Les deux premiers récits présentés appartiennent à des auteurs qui, au tout début des années 1980, étaient au premier rang de ceux que l’on désignait comme « les écrivains de 40 ans » [сороколетние]. Originaires de différentes régions de la république russe, ils étaient venus s’installer dans la capitale, aussi parlait-on également à leur propos d’ « école de Moscou ».
Il ne s’agissait cependant ni d’une « école » ni même d’un groupement, mais de jeunes écrivains issus le plus souvent d’un milieu intellectuel au moins moyen et que rapprochaient deux propos essentiels : la volonté de tourner le dos au roman ample et complexe, le roman « brique » [кирпич], dans lequel excellaient les grands prosateurs de l’époque (Tchinguiz Aïtmatov, Tchinguiz Gousséinov, mais aussi Daniil Granine dans Le tableau), en lui préférant le genre de la nouvelle ou le roman d’une dimension plus réduite ; le refus également de camper un « héros positif » et même de suggérer une opinion sur les personnages représentés, le refus de les « juger ». Selon un article de Rouslan Kireev de 1982 qui a fait figure de manifeste, ces auteurs entendaient maintenir dans leurs œuvres une certaine « polyphonie », une « ambivalence ». Vladimir Bondarenko proposait d’ailleurs de garder le terme et de parler d’une « école ambivalente ». Pour reprendre une déclaration de Vladimir Goussev parlant de ses propres écrits, il s’agissait d’en finir avec la représentation du « rural de base rempli de sagesse » [степенный простой селянин] pour s’attacher à considérer leur contemporain citadin, le « Russe intelligent » [умный русский], dans ses relations familiales, amicales et surtout amoureuses.
Une querelle au sujet de ces auteurs animait vivement la critique de l’époque : Igor Dedkov qui, en 1979, avait été le premier à les réunir et à mettre en évidence une communauté entre eux, leur reprochait leur indifférence à l’égard des grands problèmes politiques et sociaux de l’époque. « Ces jeunes littérateurs bouillonnants se comportent comme si en dehors des petits scandales légers et des rapports entre les sexes n’existaient pas, par exemple, les problèmes de l’État et de la société, et ce à l’heure de l’Afghanistan, etc. » Lev Anninski et Vladimir Bondarenko affirmaient au contraire trouver dans leurs écrits « une parole nouvelle » à laquelle il convenait de prêter l’oreille.
L’exploration minutieuse des consciences et du vécu intérieur de leurs personnages à laquelle se livraient des auteurs comme Rouslan Kireev, Vladimir Goussev, mais aussi Anatoli Kourtchatkine, Anatoli Kim, Georgui Bajenov, Alexandre Prokhanov et plusieurs autres dessinaient en fait le portrait sans complaisance du Soviétique de la dernière décennie de l’URSS qu’ils montraient doué d’un jugement sûr et souvent d’un sens esthétique aigu, d’une compréhension en finesse de la réalité et de ses propres réactions, mais incapable d’engagements, d’attachements et même de sentiments forts, privé de tout sens des responsabilités et souffrant, selon la formule de l’époque, d’un fort « déficit d’âme ».
Aujourd’hui on parle d’auteurs qui auraient su déceler, dès leur surgissement, les traits essentiels de celui qui allait devenir l’homme post-soviétique.
Cependant, « atteignant son apogée au milieu des années 80, ce petit jeu qui avait nom ‘prose des 40 ans’ avait commencé à décliner pour mourir juste à la frontière de l’année 1991, s’effondrant comme s’est effondrée l’Union Soviétique » déclare Rouslan Kireev.
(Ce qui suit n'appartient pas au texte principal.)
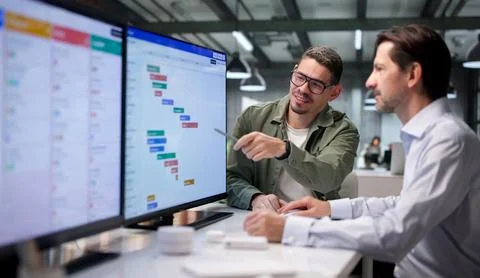Project Manager And Team Member Closely Review Detailed Project Schedule Char Stock Photos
Depuis une dizaine d’années en tout cas, la plupart de ces auteurs font en effet de moins en moins de place à la fiction, quand ils ne s’en écartent pas définitivement pour se tourner d’une manière ou d’une autre vers l’étude ou vers le témoignage. Il n’en reste pas moins que leurs écrits, des années précédentes ou actuels, même s’ils ne recueillent pas toujours, hors du milieu littéraire et artistique, toute l’attention qu’ils méritent, sont parmi les textes les plus intéressants qui peuvent être aujourd’hui donnés à lire en russe.
Les deux textes suivants, dépeignant chacun un épisode de la vie de couple, appartiennent respectivement à un écrivain moscovite d’une notoriété certaine, Marc Chatounovski, et à Dan Markovitch, un tout jeune auteur vivant dans une ville nouvelle fondée en 1960 à une centaine de kilomètres de la capitale.
Nous retrouvons ensuite dans le numéro deux auteurs récemment publiés dans notre revue : Tatiana Chtcherbina dessine un portrait sans concession de l’homme russe qu’illustre fort heureusement un court récit du « nouveau romantique » Alexandre Seline ; Valentina Silantiéva se penche, elle, sur le destin de la femme russe.
Iouri Kojevnikov vient enfin apporter au lecteur des accents lyriques plus traditionnels.
Le numéro s’achève par un récit plus long de Vladimir Kiveretski, un auteur essentiellement connu comme défenseur des droits de l’homme [правозащитник] qui, tout en mettant en lumière une problématique douloureuse de la société d’aujourd’hui, en Russie mais pas seulement, réussit la gageure d’être une délicate et infiniment touchante histoire d’amour.
On ne pouvait mieux conclure cet ensemble de textes dédiés à la relation hommes / femmes.